Enter La Cabrera, which brings an entire platter of about a dozen vegetable sides, sauces, and garnishes to the table along with the butterfly-cut beef on a wooden slab. The wines are stacked to the ceiling, and if you're really feeling hungry, there's the option of adding provoleta (an entire cheese wheel char-grilled and served sizzling hot... no, I don't know how it doesn't melt) or french fried potatoes topped with sauteed onions to the mix. Considering you're paying less for this than you would for parking at a nice restaurant in New York, it's a phenomenal choice.
4) Lighthouse Pub and Restaurant
Swakopmund, Namibia
There's nothing better than sitting at a table and having beers and huge steaks with some good friends after a long trip. Swakopmund, on the coast of Namibia, offers an ocean breeze that is conspicuously absent in the 110-degree heat of the Namib Desert, and after a week or so of camping in tents and drinking piss-warm water out of five-gallon jugs to keep your pee from turning brown (classy, I know...), virtually any vestige of western civilization is welcomed.

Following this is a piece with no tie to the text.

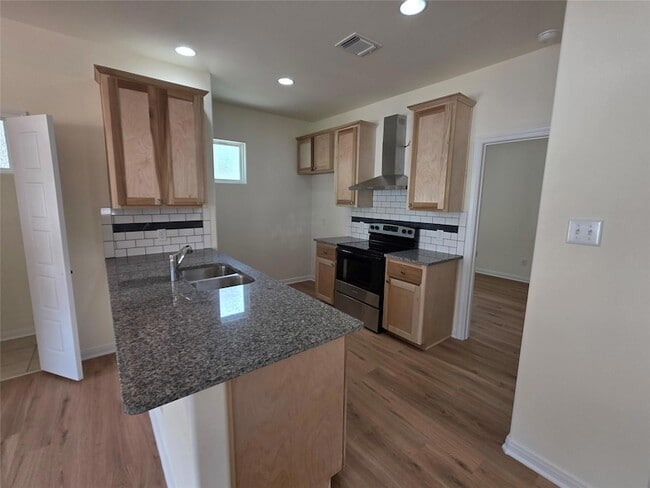 Photo - 100 E 7th St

The Lighthouse Pub, in addition to serving up those icy-cold bottles of Windhoek, brings out burgers that are tall enough to need those red aviation warning lights on top. These are serious burgers. No-nonsense burgers. Burgers that eat other burgers and are still hungry. And when you see the sun setting over the South Atlantic and remember the fact that you are still, for all intents and purposes, in the depths of the Dark Continent, it tastes even better.
3) Shed 5
Wellington, New Zealand
This was another instance where the company and the situation made the event better. Shed 5 sits on picturesque Queen's Wharf in Wellington, looking out at the sailboats bobbing up and down in the harbor while silently enduring the ebb and flow of the ocean below the diner's feet. The rare Ahi tuna steak was a pleasure, but even more so was a surprise mint chocolate chip ice cream dessert that they made from scratch. As a traveler, and especially as one with a Watson-imposed budget that doesn't usually allow for frills and extravagance, it's hard to do something nice like this. It's even more unusual to find someone worth doing it with. At Shed 5, I happened to find both.
2) Restaurant Luna
Mount Kisco, New York
This coveted second-place prize was going to be occupied by Restaurant Luna, which used to serve an amazing frisee with blue cheese and bacon salad and Belgian Trappist ales to go with their tender steaks, but the ownership has changed and it's now called Woody's Cafe, which sounds like a cross between an extreme sports outfitting store and a TGI Fridays. I haven't tried the new place, so I can't say what it's like, but as of now, the owners and I are no longer on speaking terms. All I can say is that it was a hell of a place to have a birthday dinner.
1) Grampi's
Zermatt, Switzerland
And so to the best restaurant on Earth, so far as I can tell. It was an easy choice because, simply put, Zermatt is the best town on Earth, and as such, my favorite restaurant in such a highly-acclaimed town should be by default the best restaurant. Zermatt is a place without cars, without pollution, where the biggest traffic jam is a pack of goats being herded down main street. It is hours from any airport (Milan is closest, but Zurich may be most convenient and has the added benefit of making you drive through all of Switzerland to get there), and as the Alps shoot up from the very edges of the road on either side, you as a driver feel humbled.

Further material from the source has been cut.